What the task asks:
Each line from the one containing "nars2017唇膏笔色号_nars2017唇膏笔试色图" to the end of the entries below is to be set down exactly; the pictures are not.

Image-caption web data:
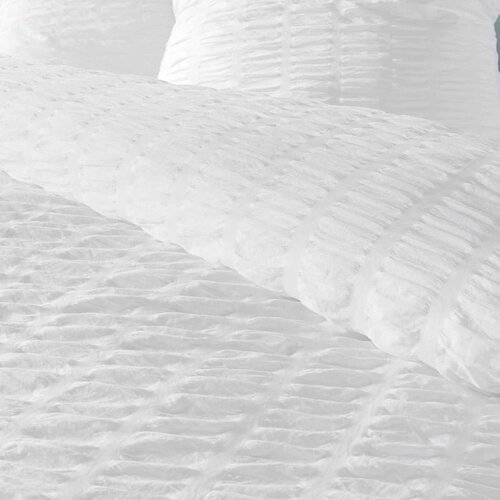 Douceur d int&amp;eacute;rieur Bela enojna posteljnina iz krepa 140x200 cm Plissia &amp;ndash; Slike
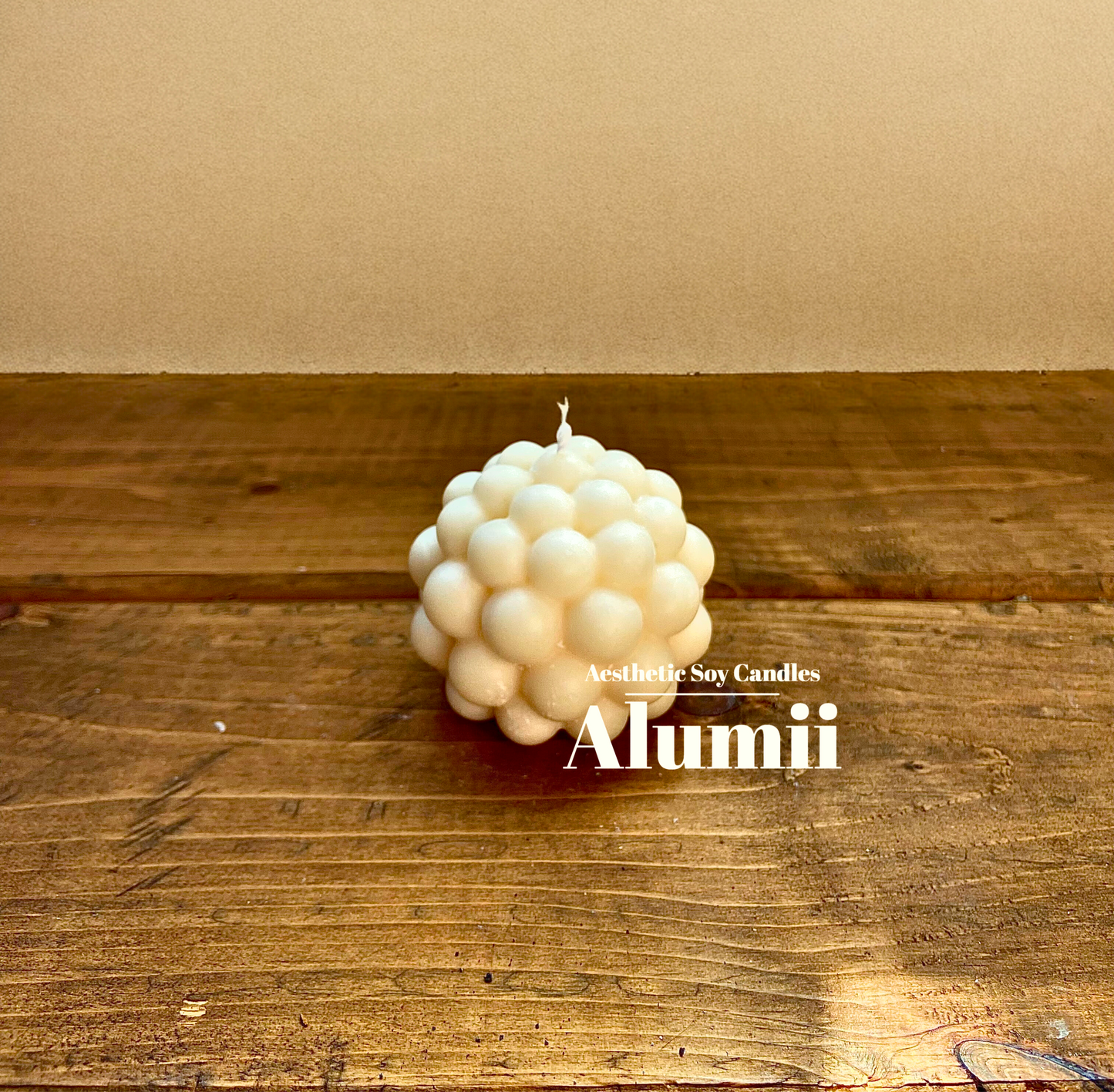 Bubble Ball Candle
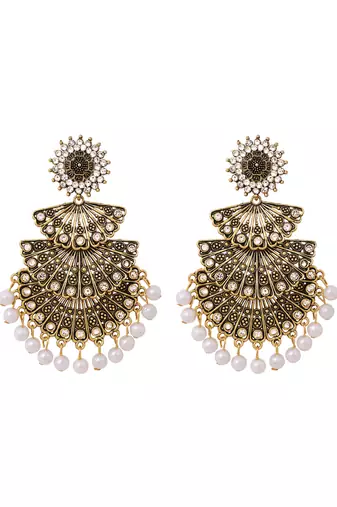 Kundan traditional designer chandbalis earrings for women 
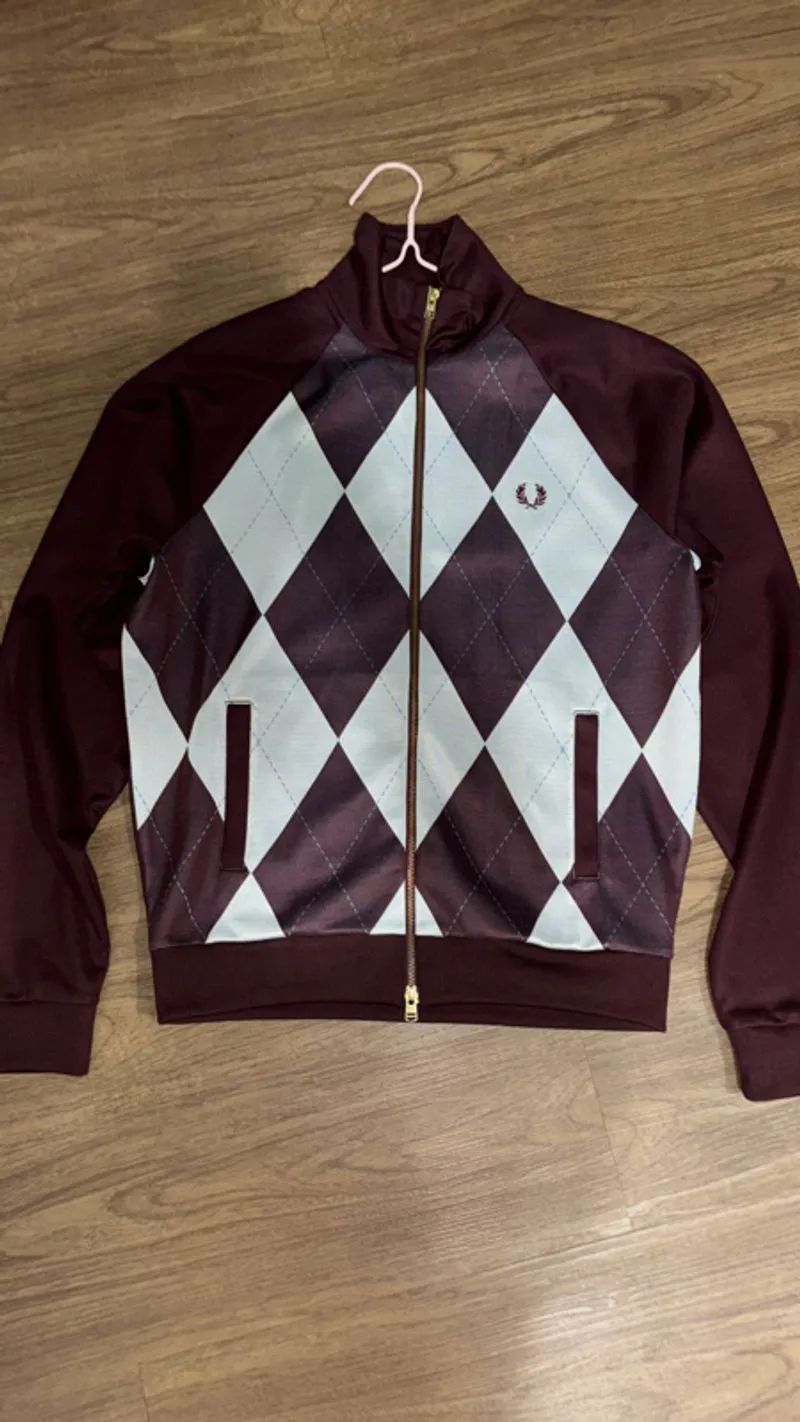 fred perry argyle track jacket photo 1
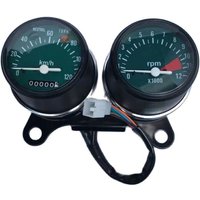 FOR honda suzuki Cg125 Motorcycle Meter Assembly New High Quality Instrument Modified Odometer Tachometer Double speedometer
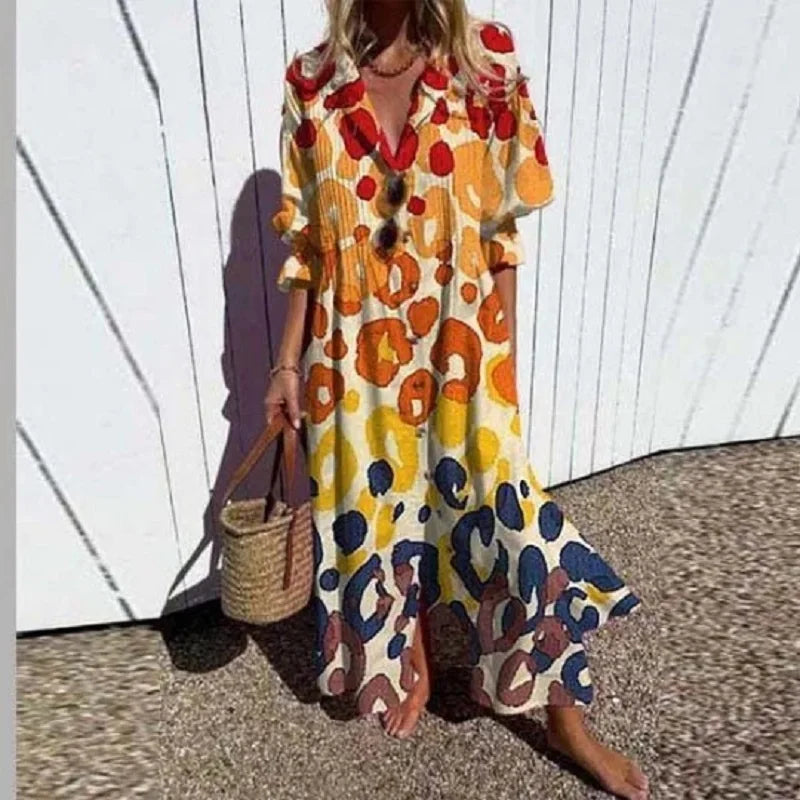 Faustina | Women's Floral Print Oversized Maxi Dress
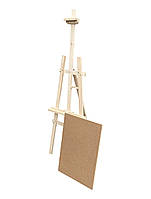 Дитячий мольберт №41М + планшет для малювання 40*50 см, LeoArt, підлоговий, сосновий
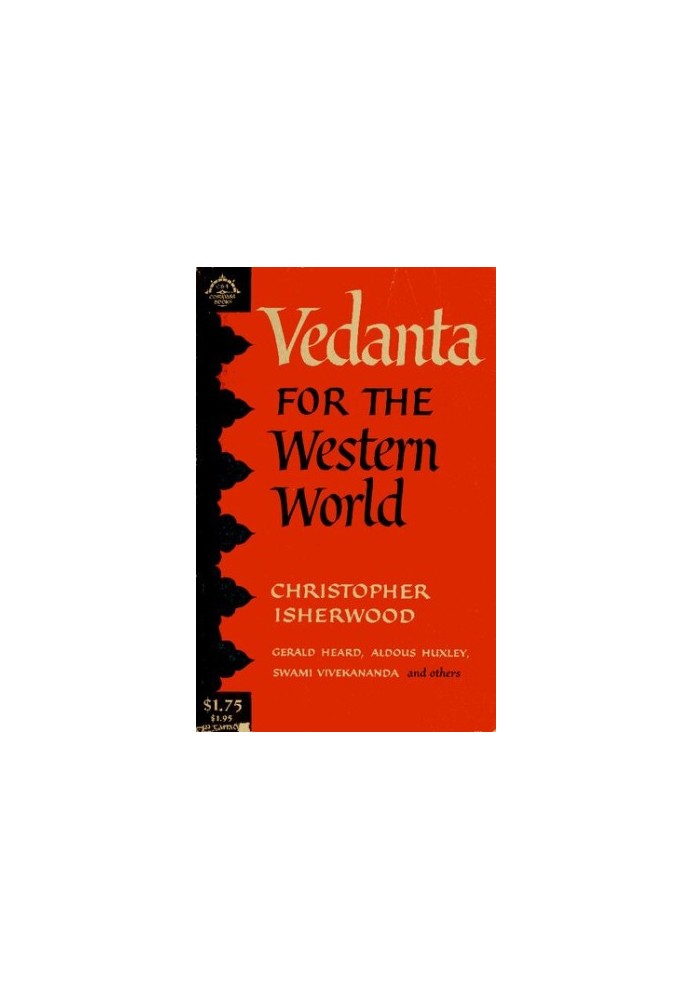 Vedanta for the Western World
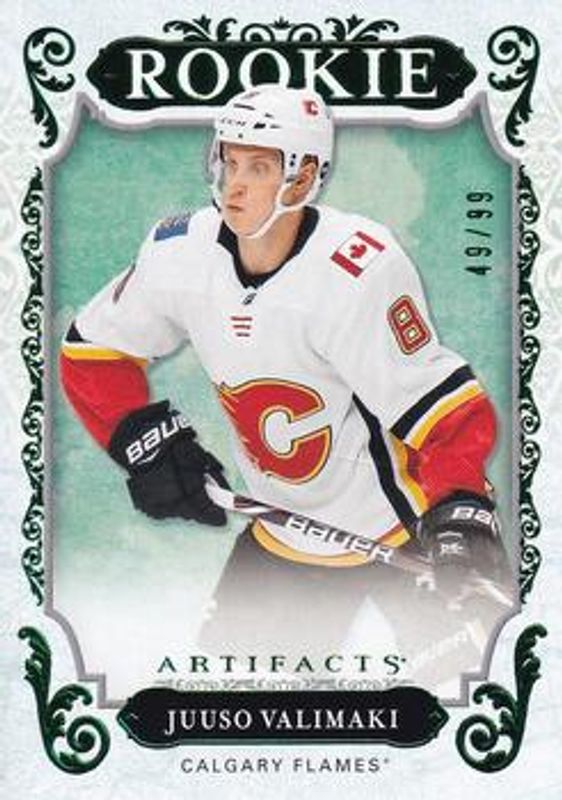 2018 Upper Deck Artifacts #RED185 Rookie Exchange Emerald /99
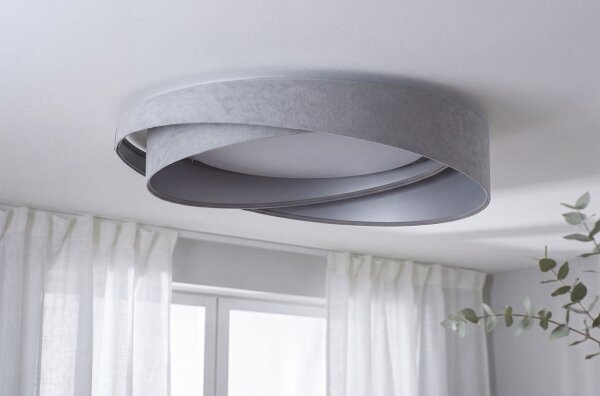 LED Stropní svítidlo GALAXY MODERN LED/24W/230V pr. 55 cm šedá/stříbrná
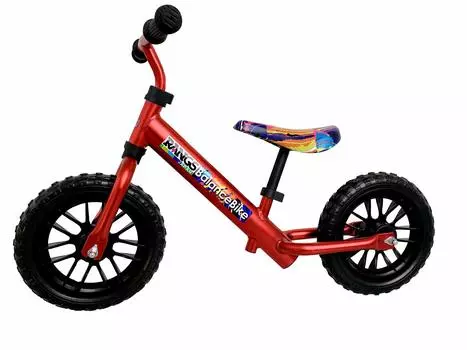 Беговел RANGS алюминиевый матовый красный легкий 2 кг от 2 лет красный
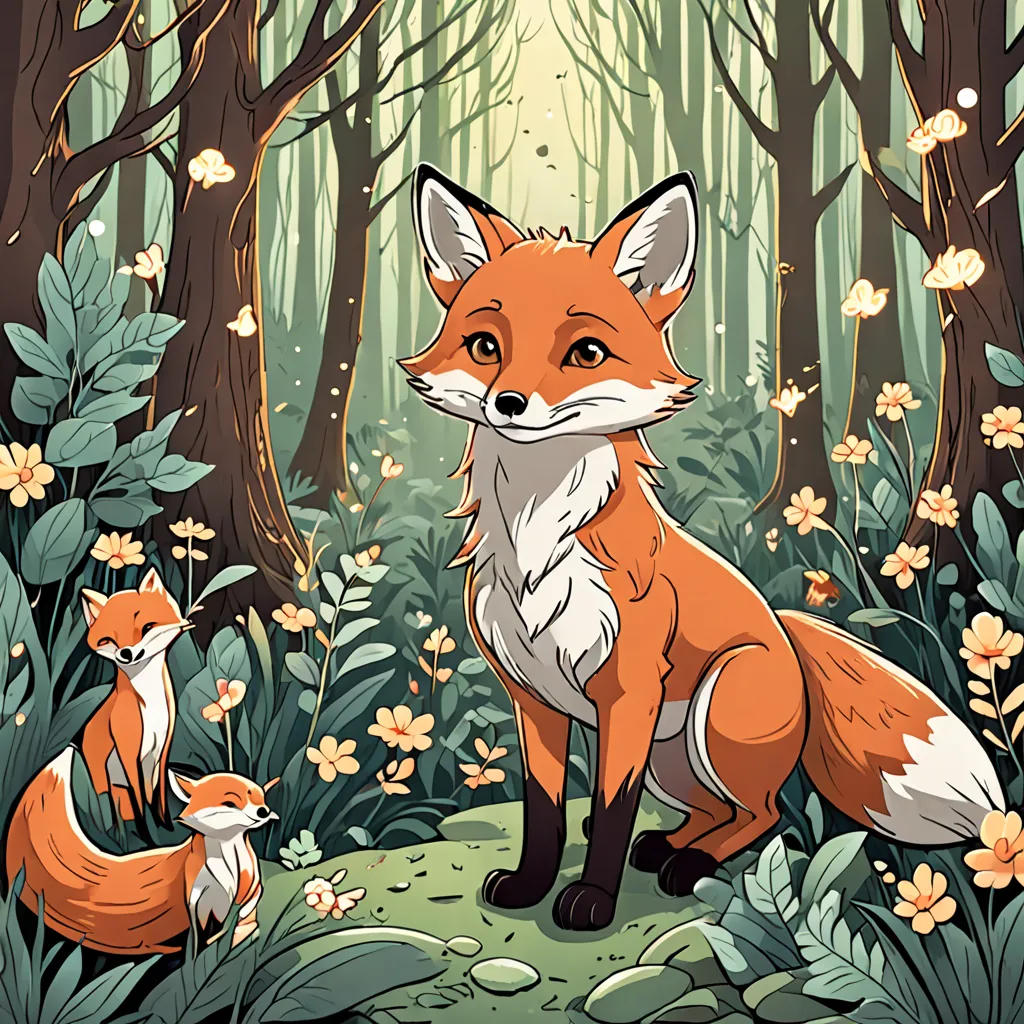 The Fox's Magical Journey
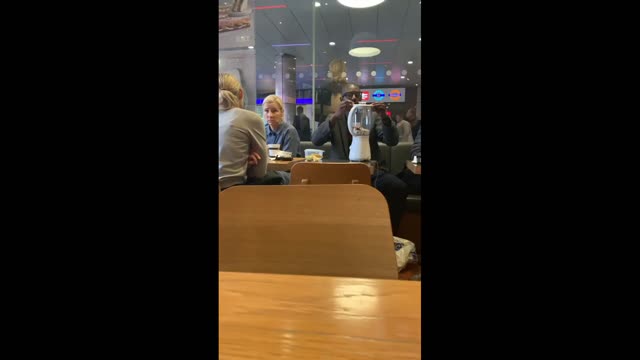 Funny video must watch man use blender in public place watch to see what happens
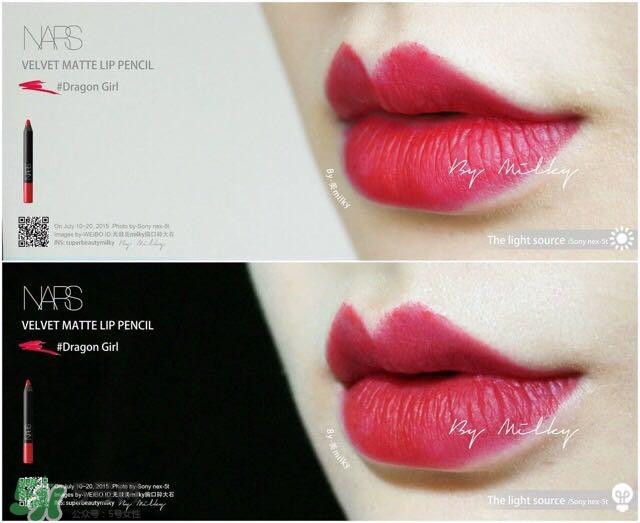 nars2017唇膏笔色号_nars2017唇膏笔试色图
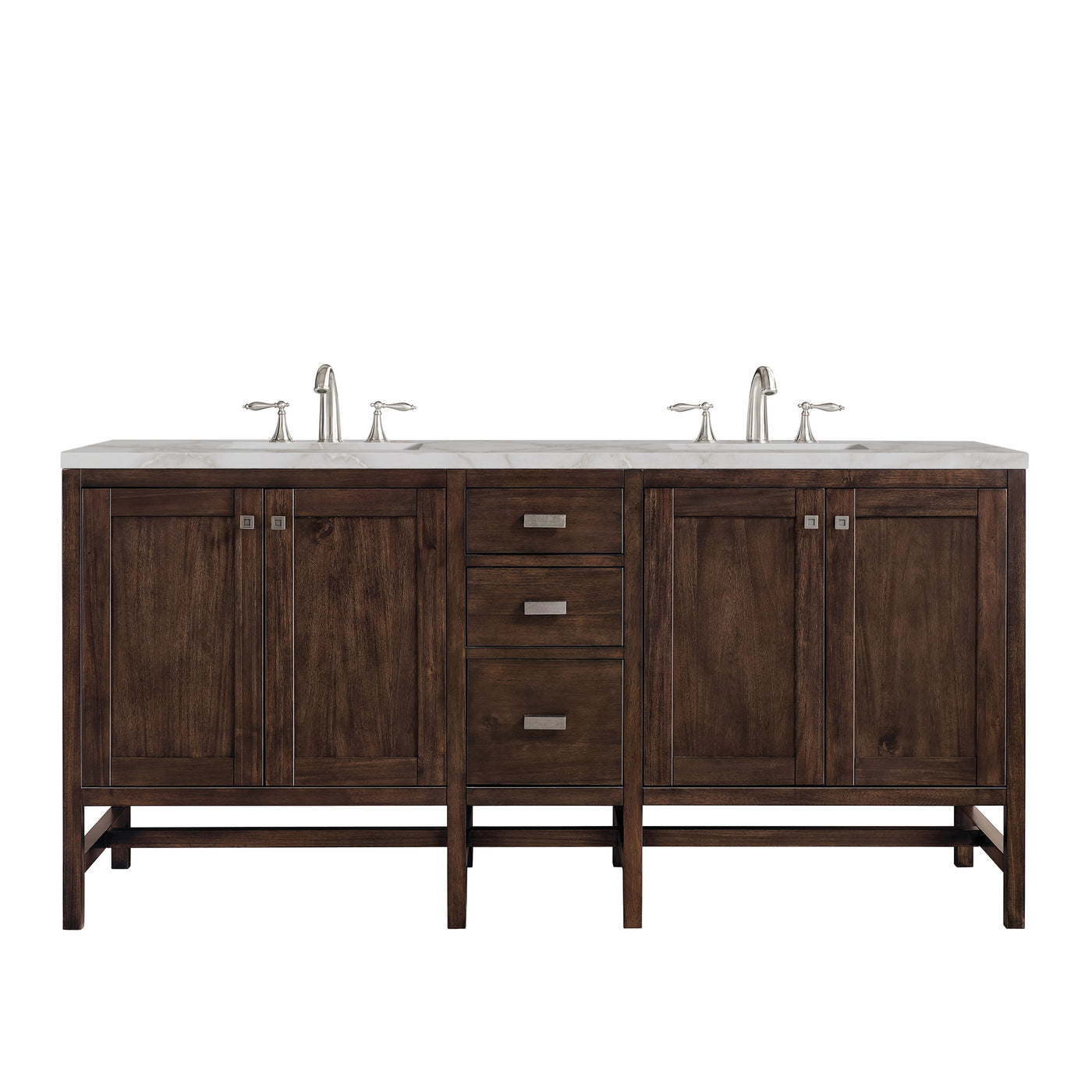 James Martin Addison 72" Double Bathroom Vanity, Mid-Century Acacia, view 37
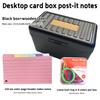 1 Set Cartonașe Colorate cu File Cartonașe cu File Cartonașe pentru Notițe Liniate Cartonașe Index cu File Separatoare pentru Cartonașe de Notițe Liniate Cartonaș de Notițe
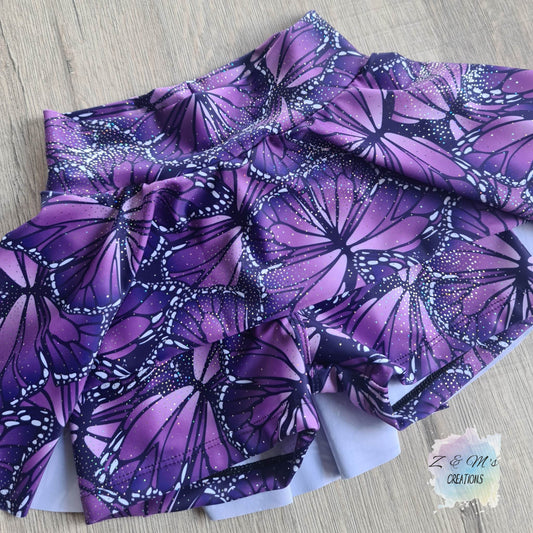 Purple Butterfly Skort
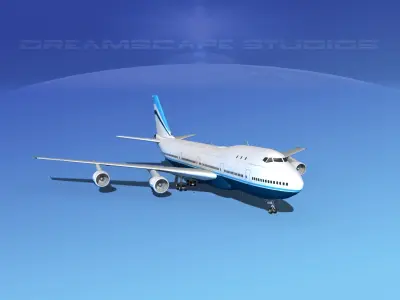 Boeing 747-100 Corporate 1 3D model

Exercise response:
 nars2017唇膏笔色号_nars2017唇膏笔试色图
 James Martin Addison 72" Double Bathroom Vanity, Mid-Century Acacia, view 37
 1 Set Cartonașe Colorate cu File Cartonașe cu File Cartonașe pentru Notițe Liniate Cartonașe Index cu File Separatoare pentru Cartonașe de Notițe Liniate Cartonaș de Notițe
 Purple Butterfly Skort
 Boeing 747-100 Corporate 1 3D model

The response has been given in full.